#### [What to produce]
Retype the data that follows exactly. No pictures belong in the copy.

#### [Data below]
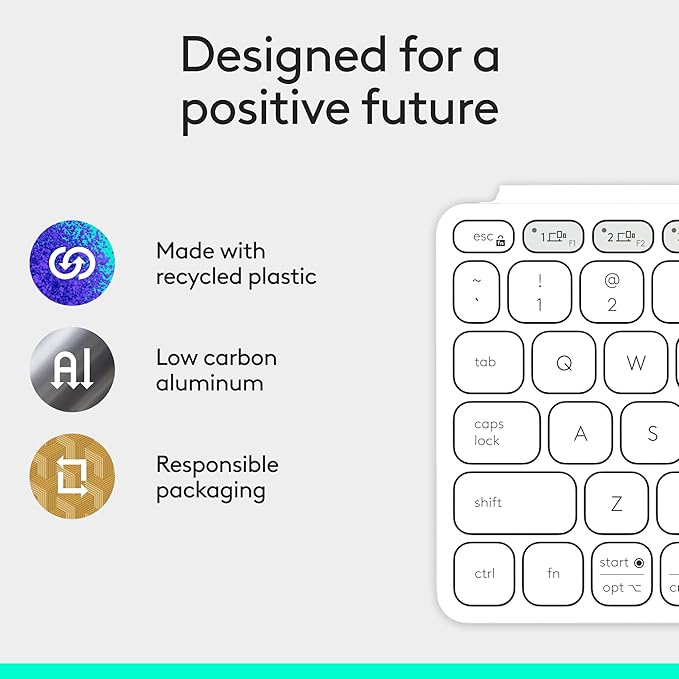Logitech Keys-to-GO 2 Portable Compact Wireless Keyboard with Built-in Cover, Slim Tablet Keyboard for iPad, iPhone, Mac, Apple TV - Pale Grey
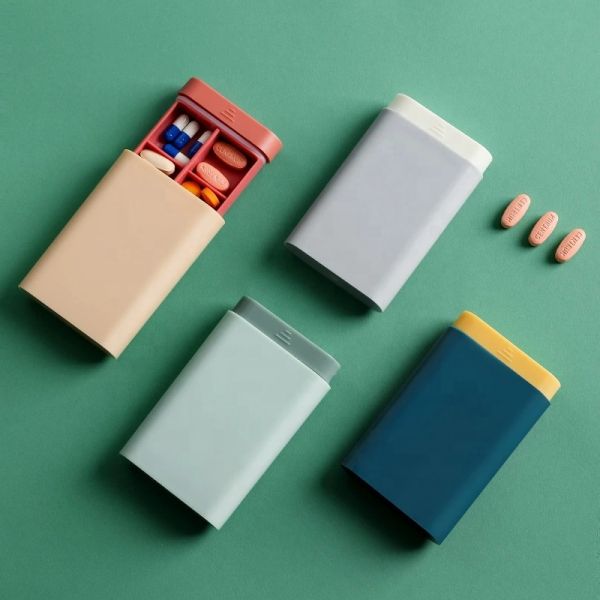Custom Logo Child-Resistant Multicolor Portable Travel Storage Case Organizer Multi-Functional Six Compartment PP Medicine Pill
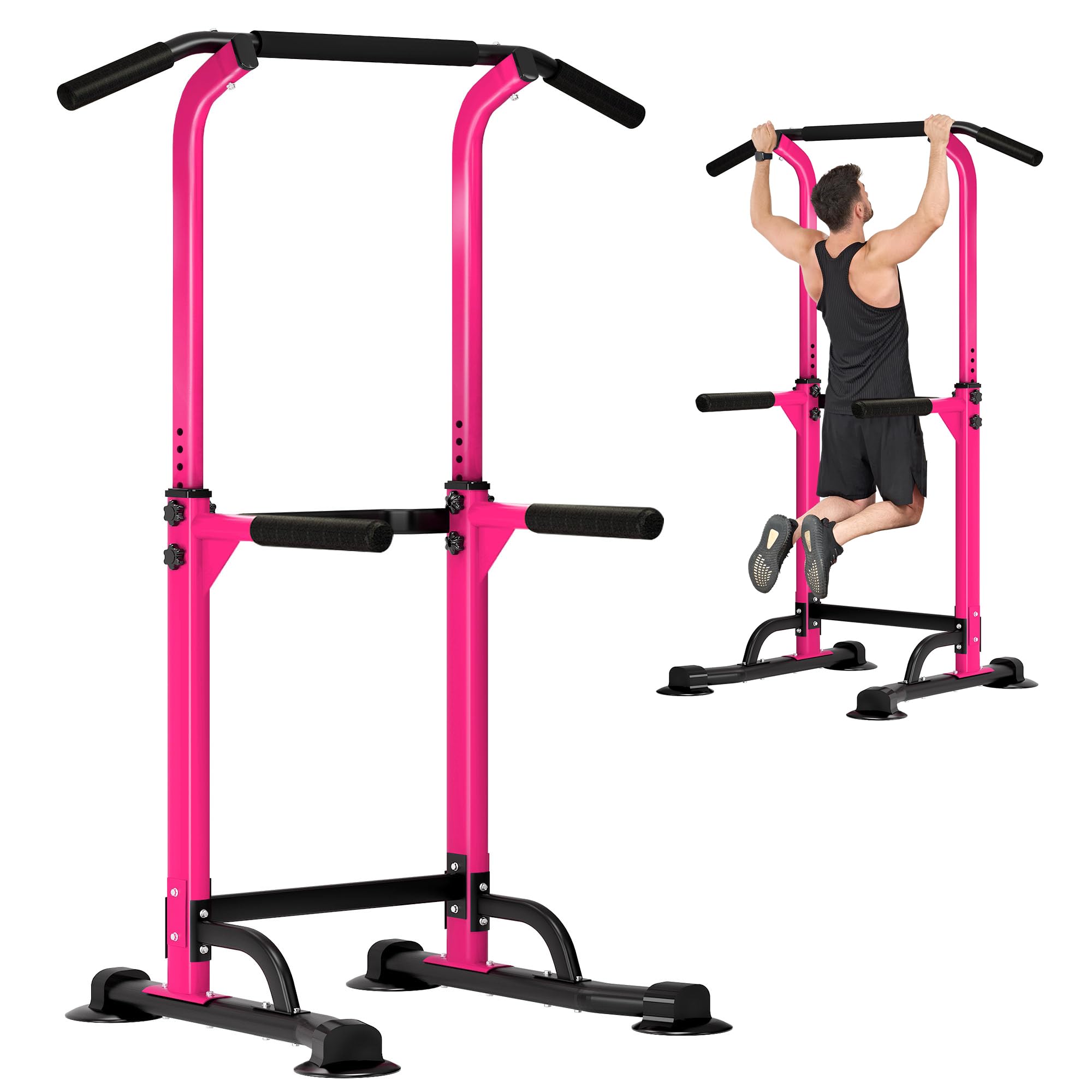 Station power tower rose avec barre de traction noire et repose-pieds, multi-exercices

#### [Final answer]
Logitech Keys-to-GO 2 Portable Compact Wireless Keyboard with Built-in Cover, Slim Tablet Keyboard for iPad, iPhone, Mac, Apple TV - Pale Grey
Custom Logo Child-Resistant Multicolor Portable Travel Storage Case Organizer Multi-Functional Six Compartment PP Medicine Pill
 Station power tower rose avec barre de traction noire et repose-pieds, multi-exercices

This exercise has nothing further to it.